Restate each entry below word for word, without skipping any.
====== Data extract
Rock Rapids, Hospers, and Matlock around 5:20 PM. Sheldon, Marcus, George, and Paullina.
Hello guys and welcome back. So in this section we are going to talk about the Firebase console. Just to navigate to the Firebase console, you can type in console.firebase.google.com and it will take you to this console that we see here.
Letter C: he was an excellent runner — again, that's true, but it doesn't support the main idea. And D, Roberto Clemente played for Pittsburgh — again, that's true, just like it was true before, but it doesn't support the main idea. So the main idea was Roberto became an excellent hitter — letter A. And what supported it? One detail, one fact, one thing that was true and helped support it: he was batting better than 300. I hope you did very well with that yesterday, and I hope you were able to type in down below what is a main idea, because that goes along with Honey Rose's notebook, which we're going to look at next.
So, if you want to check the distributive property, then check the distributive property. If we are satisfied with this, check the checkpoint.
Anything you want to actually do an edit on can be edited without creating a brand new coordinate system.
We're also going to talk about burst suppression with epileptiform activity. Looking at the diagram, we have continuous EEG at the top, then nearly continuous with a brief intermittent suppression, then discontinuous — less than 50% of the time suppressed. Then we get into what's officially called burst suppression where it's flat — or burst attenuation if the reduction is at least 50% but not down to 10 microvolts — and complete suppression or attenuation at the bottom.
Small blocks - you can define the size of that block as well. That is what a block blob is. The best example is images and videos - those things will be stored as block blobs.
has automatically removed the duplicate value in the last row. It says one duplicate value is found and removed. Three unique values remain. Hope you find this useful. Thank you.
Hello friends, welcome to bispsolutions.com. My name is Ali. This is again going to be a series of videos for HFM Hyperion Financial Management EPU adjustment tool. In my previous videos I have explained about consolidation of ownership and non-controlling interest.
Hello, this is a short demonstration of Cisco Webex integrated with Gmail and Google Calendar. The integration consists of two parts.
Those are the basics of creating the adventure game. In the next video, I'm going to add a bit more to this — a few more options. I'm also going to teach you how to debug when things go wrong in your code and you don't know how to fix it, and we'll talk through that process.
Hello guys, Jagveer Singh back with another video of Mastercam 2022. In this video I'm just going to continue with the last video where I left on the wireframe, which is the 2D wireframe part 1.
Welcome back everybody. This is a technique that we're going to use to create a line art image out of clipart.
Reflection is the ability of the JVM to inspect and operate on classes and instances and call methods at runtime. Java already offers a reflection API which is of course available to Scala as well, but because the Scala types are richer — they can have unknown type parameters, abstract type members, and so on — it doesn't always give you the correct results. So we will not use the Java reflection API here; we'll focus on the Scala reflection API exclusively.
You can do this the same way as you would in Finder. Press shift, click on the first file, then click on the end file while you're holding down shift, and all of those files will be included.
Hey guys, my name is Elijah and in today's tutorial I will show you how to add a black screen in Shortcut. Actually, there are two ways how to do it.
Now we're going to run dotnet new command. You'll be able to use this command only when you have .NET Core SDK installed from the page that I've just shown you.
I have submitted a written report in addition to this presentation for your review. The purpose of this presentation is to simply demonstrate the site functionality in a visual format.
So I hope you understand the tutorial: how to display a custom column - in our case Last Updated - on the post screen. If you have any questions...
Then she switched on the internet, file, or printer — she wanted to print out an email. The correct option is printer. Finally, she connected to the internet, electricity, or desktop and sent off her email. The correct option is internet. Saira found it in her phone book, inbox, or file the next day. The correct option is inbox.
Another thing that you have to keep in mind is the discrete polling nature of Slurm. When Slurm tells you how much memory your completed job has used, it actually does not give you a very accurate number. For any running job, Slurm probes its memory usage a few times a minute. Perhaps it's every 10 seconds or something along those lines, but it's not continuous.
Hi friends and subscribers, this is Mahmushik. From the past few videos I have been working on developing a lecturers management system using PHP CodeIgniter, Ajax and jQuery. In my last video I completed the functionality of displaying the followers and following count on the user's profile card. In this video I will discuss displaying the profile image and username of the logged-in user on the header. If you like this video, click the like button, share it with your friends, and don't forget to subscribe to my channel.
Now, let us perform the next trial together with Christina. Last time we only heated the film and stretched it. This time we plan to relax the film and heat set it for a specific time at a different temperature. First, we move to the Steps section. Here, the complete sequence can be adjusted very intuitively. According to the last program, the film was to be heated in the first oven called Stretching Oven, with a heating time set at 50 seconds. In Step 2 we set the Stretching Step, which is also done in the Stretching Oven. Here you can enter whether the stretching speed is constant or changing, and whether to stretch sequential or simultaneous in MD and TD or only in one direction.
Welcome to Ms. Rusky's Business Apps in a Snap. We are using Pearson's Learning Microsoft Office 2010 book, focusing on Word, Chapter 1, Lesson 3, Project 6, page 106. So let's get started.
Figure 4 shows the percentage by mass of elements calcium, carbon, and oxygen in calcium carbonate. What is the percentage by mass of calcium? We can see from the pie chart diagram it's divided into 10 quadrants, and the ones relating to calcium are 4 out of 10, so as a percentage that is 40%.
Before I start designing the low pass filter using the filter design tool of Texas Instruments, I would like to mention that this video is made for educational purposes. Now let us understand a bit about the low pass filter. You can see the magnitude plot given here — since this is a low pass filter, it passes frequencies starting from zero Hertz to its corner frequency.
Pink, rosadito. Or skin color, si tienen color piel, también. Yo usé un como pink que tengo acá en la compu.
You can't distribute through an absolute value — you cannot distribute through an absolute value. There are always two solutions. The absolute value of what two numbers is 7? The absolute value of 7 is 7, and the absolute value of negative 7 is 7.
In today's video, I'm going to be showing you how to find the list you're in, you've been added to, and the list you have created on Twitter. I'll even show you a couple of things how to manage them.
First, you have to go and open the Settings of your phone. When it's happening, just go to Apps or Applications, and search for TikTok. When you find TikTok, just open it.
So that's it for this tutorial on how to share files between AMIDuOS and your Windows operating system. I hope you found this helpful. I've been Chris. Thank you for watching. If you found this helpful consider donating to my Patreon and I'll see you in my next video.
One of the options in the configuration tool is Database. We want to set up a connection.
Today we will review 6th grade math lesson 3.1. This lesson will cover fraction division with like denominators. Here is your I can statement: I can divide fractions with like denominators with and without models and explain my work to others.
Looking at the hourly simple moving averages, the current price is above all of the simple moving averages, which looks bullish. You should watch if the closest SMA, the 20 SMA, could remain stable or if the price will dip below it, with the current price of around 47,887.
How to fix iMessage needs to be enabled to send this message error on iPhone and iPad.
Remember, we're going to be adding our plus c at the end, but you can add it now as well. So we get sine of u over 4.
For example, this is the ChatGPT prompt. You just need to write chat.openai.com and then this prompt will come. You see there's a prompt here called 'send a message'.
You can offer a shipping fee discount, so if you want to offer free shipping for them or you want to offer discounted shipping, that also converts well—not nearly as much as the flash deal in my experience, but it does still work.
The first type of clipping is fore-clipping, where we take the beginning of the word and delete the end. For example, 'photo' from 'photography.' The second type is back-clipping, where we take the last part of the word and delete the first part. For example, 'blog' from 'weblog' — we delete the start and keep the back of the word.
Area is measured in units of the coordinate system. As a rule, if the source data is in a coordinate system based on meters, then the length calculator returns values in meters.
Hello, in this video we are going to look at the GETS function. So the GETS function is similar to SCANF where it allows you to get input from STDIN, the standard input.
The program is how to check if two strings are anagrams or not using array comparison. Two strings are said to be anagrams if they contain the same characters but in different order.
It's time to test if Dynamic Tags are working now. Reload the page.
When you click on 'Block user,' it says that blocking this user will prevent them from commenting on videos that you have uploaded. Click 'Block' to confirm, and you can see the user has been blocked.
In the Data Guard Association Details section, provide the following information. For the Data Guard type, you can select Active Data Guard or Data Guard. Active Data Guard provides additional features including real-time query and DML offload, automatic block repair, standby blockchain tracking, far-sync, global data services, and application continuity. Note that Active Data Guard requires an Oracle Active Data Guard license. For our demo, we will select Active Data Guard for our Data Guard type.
============
§ **Final answer**
Rock Rapids, Hospers, and Matlock around 5:20 PM. Sheldon, Marcus, George, and Paullina.
Hello guys and welcome back. So in this section we are going to talk about the Firebase console. Just to navigate to the Firebase console, you can type in console.firebase.google.com and it will take you to this console that we see here.
Letter C: he was an excellent runner — again, that's true, but it doesn't support the main idea. And D, Roberto Clemente played for Pittsburgh — again, that's true, just like it was true before, but it doesn't support the main idea. So the main idea was Roberto became an excellent hitter — letter A. And what supported it? One detail, one fact, one thing that was true and helped support it: he was batting better than 300. I hope you did very well with that yesterday, and I hope you were able to type in down below what is a main idea, because that goes along with Honey Rose's notebook, which we're going to look at next.
So, if you want to check the distributive property, then check the distributive property. If we are satisfied with this, check the checkpoint.
Anything you want to actually do an edit on can be edited without creating a brand new coordinate system.
We're also going to talk about burst suppression with epileptiform activity. Looking at the diagram, we have continuous EEG at the top, then nearly continuous with a brief intermittent suppression, then discontinuous — less than 50% of the time suppressed. Then we get into what's officially called burst suppression where it's flat — or burst attenuation if the reduction is at least 50% but not down to 10 microvolts — and complete suppression or attenuation at the bottom.
Small blocks - you can define the size of that block as well. That is what a block blob is. The best example is images and videos - those things will be stored as block blobs.
has automatically removed the duplicate value in the last row. It says one duplicate value is found and removed. Three unique values remain. Hope you find this useful. Thank you.
Hello friends, welcome to bispsolutions.com. My name is Ali. This is again going to be a series of videos for HFM Hyperion Financial Management EPU adjustment tool. In my previous videos I have explained about consolidation of ownership and non-controlling interest.
Hello, this is a short demonstration of Cisco Webex integrated with Gmail and Google Calendar. The integration consists of two parts.
Those are the basics of creating the adventure game. In the next video, I'm going to add a bit more to this — a few more options. I'm also going to teach you how to debug when things go wrong in your code and you don't know how to fix it, and we'll talk through that process.
Hello guys, Jagveer Singh back with another video of Mastercam 2022. In this video I'm just going to continue with the last video where I left on the wireframe, which is the 2D wireframe part 1.
Welcome back everybody. This is a technique that we're going to use to create a line art image out of clipart.
Reflection is the ability of the JVM to inspect and operate on classes and instances and call methods at runtime. Java already offers a reflection API which is of course available to Scala as well, but because the Scala types are richer — they can have unknown type parameters, abstract type members, and so on — it doesn't always give you the correct results. So we will not use the Java reflection API here; we'll focus on the Scala reflection API exclusively.
You can do this the same way as you would in Finder. Press shift, click on the first file, then click on the end file while you're holding down shift, and all of those files will be included.
Hey guys, my name is Elijah and in today's tutorial I will show you how to add a black screen in Shortcut. Actually, there are two ways how to do it.
Now we're going to run dotnet new command. You'll be able to use this command only when you have .NET Core SDK installed from the page that I've just shown you.
I have submitted a written report in addition to this presentation for your review. The purpose of this presentation is to simply demonstrate the site functionality in a visual format.
So I hope you understand the tutorial: how to display a custom column - in our case Last Updated - on the post screen. If you have any questions...
Then she switched on the internet, file, or printer — she wanted to print out an email. The correct option is printer. Finally, she connected to the internet, electricity, or desktop and sent off her email. The correct option is internet. Saira found it in her phone book, inbox, or file the next day. The correct option is inbox.
Another thing that you have to keep in mind is the discrete polling nature of Slurm. When Slurm tells you how much memory your completed job has used, it actually does not give you a very accurate number. For any running job, Slurm probes its memory usage a few times a minute. Perhaps it's every 10 seconds or something along those lines, but it's not continuous.
Hi friends and subscribers, this is Mahmushik. From the past few videos I have been working on developing a lecturers management system using PHP CodeIgniter, Ajax and jQuery. In my last video I completed the functionality of displaying the followers and following count on the user's profile card. In this video I will discuss displaying the profile image and username of the logged-in user on the header. If you like this video, click the like button, share it with your friends, and don't forget to subscribe to my channel.
Now, let us perform the next trial together with Christina. Last time we only heated the film and stretched it. This time we plan to relax the film and heat set it for a specific time at a different temperature. First, we move to the Steps section. Here, the complete sequence can be adjusted very intuitively. According to the last program, the film was to be heated in the first oven called Stretching Oven, with a heating time set at 50 seconds. In Step 2 we set the Stretching Step, which is also done in the Stretching Oven. Here you can enter whether the stretching speed is constant or changing, and whether to stretch sequential or simultaneous in MD and TD or only in one direction.
Welcome to Ms. Rusky's Business Apps in a Snap. We are using Pearson's Learning Microsoft Office 2010 book, focusing on Word, Chapter 1, Lesson 3, Project 6, page 106. So let's get started.
Figure 4 shows the percentage by mass of elements calcium, carbon, and oxygen in calcium carbonate. What is the percentage by mass of calcium? We can see from the pie chart diagram it's divided into 10 quadrants, and the ones relating to calcium are 4 out of 10, so as a percentage that is 40%.
Before I start designing the low pass filter using the filter design tool of Texas Instruments, I would like to mention that this video is made for educational purposes. Now let us understand a bit about the low pass filter. You can see the magnitude plot given here — since this is a low pass filter, it passes frequencies starting from zero Hertz to its corner frequency.
Pink, rosadito. Or skin color, si tienen color piel, también. Yo usé un como pink que tengo acá en la compu.
You can't distribute through an absolute value — you cannot distribute through an absolute value. There are always two solutions. The absolute value of what two numbers is 7? The absolute value of 7 is 7, and the absolute value of negative 7 is 7.
In today's video, I'm going to be showing you how to find the list you're in, you've been added to, and the list you have created on Twitter. I'll even show you a couple of things how to manage them.
First, you have to go and open the Settings of your phone. When it's happening, just go to Apps or Applications, and search for TikTok. When you find TikTok, just open it.
So that's it for this tutorial on how to share files between AMIDuOS and your Windows operating system. I hope you found this helpful. I've been Chris. Thank you for watching. If you found this helpful consider donating to my Patreon and I'll see you in my next video.
One of the options in the configuration tool is Database. We want to set up a connection.
Today we will review 6th grade math lesson 3.1. This lesson will cover fraction division with like denominators. Here is your I can statement: I can divide fractions with like denominators with and without models and explain my work to others.
Looking at the hourly simple moving averages, the current price is above all of the simple moving averages, which looks bullish. You should watch if the closest SMA, the 20 SMA, could remain stable or if the price will dip below it, with the current price of around 47,887.
How to fix iMessage needs to be enabled to send this message error on iPhone and iPad.
Remember, we're going to be adding our plus c at the end, but you can add it now as well. So we get sine of u over 4.
For example, this is the ChatGPT prompt. You just need to write chat.openai.com and then this prompt will come. You see there's a prompt here called 'send a message'.
You can offer a shipping fee discount, so if you want to offer free shipping for them or you want to offer discounted shipping, that also converts well—not nearly as much as the flash deal in my experience, but it does still work.
The first type of clipping is fore-clipping, where we take the beginning of the word and delete the end. For example, 'photo' from 'photography.' The second type is back-clipping, where we take the last part of the word and delete the first part. For example, 'blog' from 'weblog' — we delete the start and keep the back of the word.
Area is measured in units of the coordinate system. As a rule, if the source data is in a coordinate system based on meters, then the length calculator returns values in meters.
Hello, in this video we are going to look at the GETS function. So the GETS function is similar to SCANF where it allows you to get input from STDIN, the standard input.
The program is how to check if two strings are anagrams or not using array comparison. Two strings are said to be anagrams if they contain the same characters but in different order.
It's time to test if Dynamic Tags are working now. Reload the page.
When you click on 'Block user,' it says that blocking this user will prevent them from commenting on videos that you have uploaded. Click 'Block' to confirm, and you can see the user has been blocked.
In the Data Guard Association Details section, provide the following information. For the Data Guard type, you can select Active Data Guard or Data Guard. Active Data Guard provides additional features including real-time query and DML offload, automatic block repair, standby blockchain tracking, far-sync, global data services, and application continuity. Note that Active Data Guard requires an Oracle Active Data Guard license. For our demo, we will select Active Data Guard for our Data Guard type.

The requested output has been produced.